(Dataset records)
■ ■ ■ ■ ■

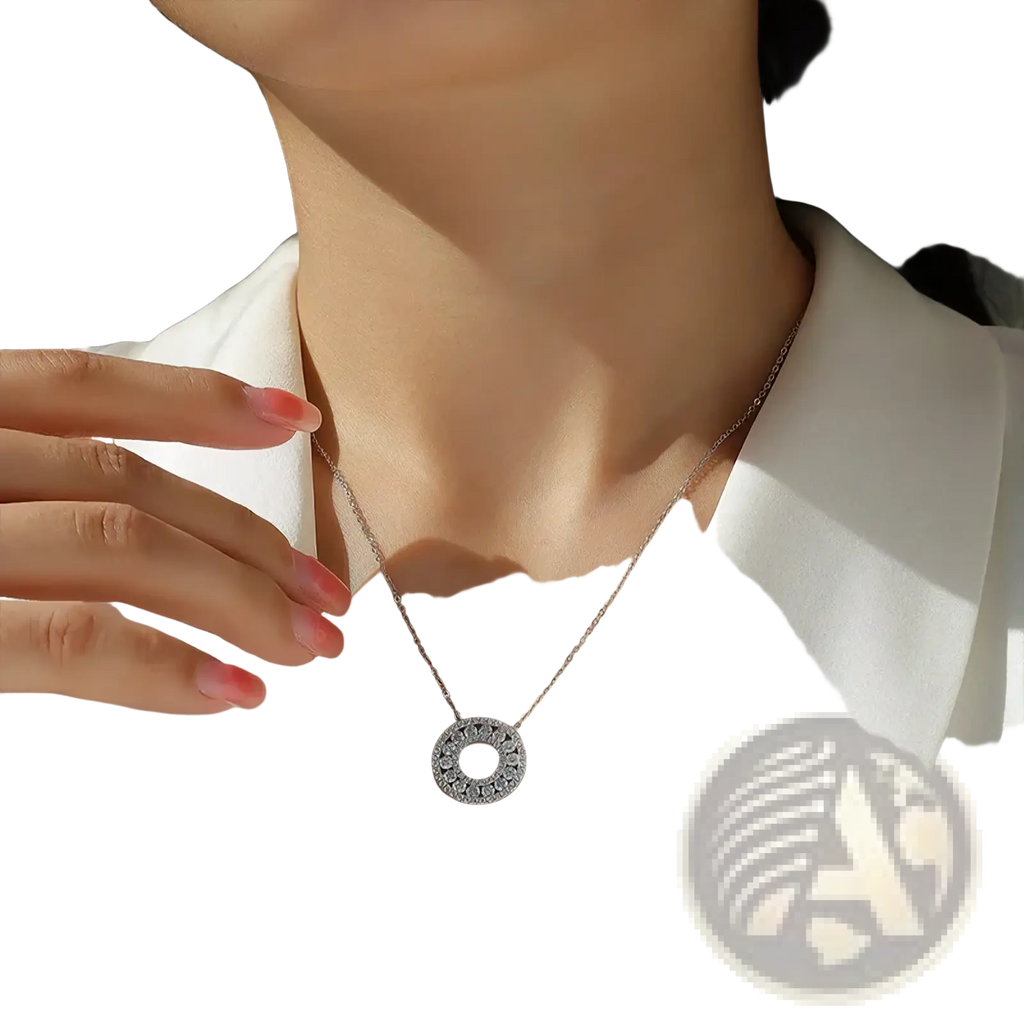 A delicate silver moissanite halo pendant necklace featuring a circular pendant with sparkling stones around its edge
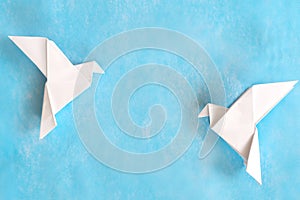 Two white dove paper cutout in blue background template with copy space.
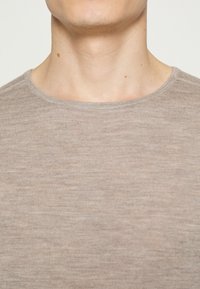 Hellbraunes, geripptes T-Shirt mit rundem Ausschnitt und dezenter Textur für ein weiches Aussehen. Das Material wirkt leicht und atmungsaktiv.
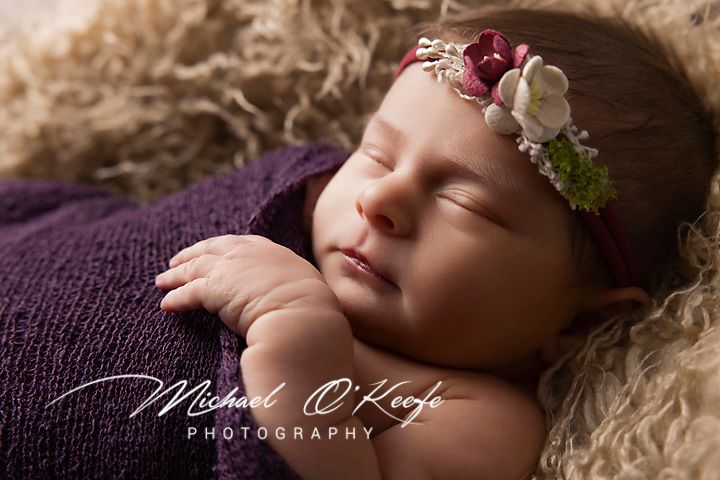 Newborn baby sleeping peacefully on soft cream-colored blanket with delicate floral headband.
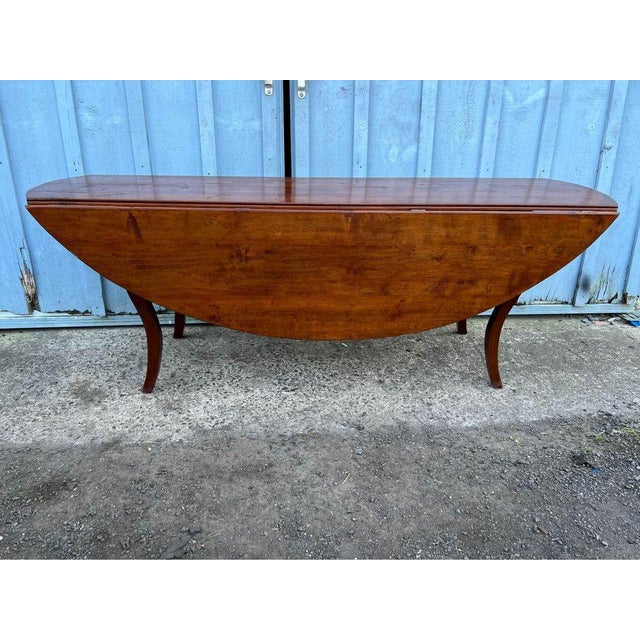 Early 20th Century Federal Style Oval Cherry Drop Leaf Dining Table For Sale - Image 12 of 12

■ ■ ■ ■ ■

Your objective: What should appear is an exact copy of the lines from the one containing "Two white dove" through the last line of the records above, pictures excluded.

Problem solution:
 Two white dove paper cutout in blue background template with copy space.
 Hellbraunes, geripptes T-Shirt mit rundem Ausschnitt und dezenter Textur für ein weiches Aussehen. Das Material wirkt leicht und atmungsaktiv.
 Newborn baby sleeping peacefully on soft cream-colored blanket with delicate floral headband.
 Early 20th Century Federal Style Oval Cherry Drop Leaf Dining Table For Sale - Image 12 of 12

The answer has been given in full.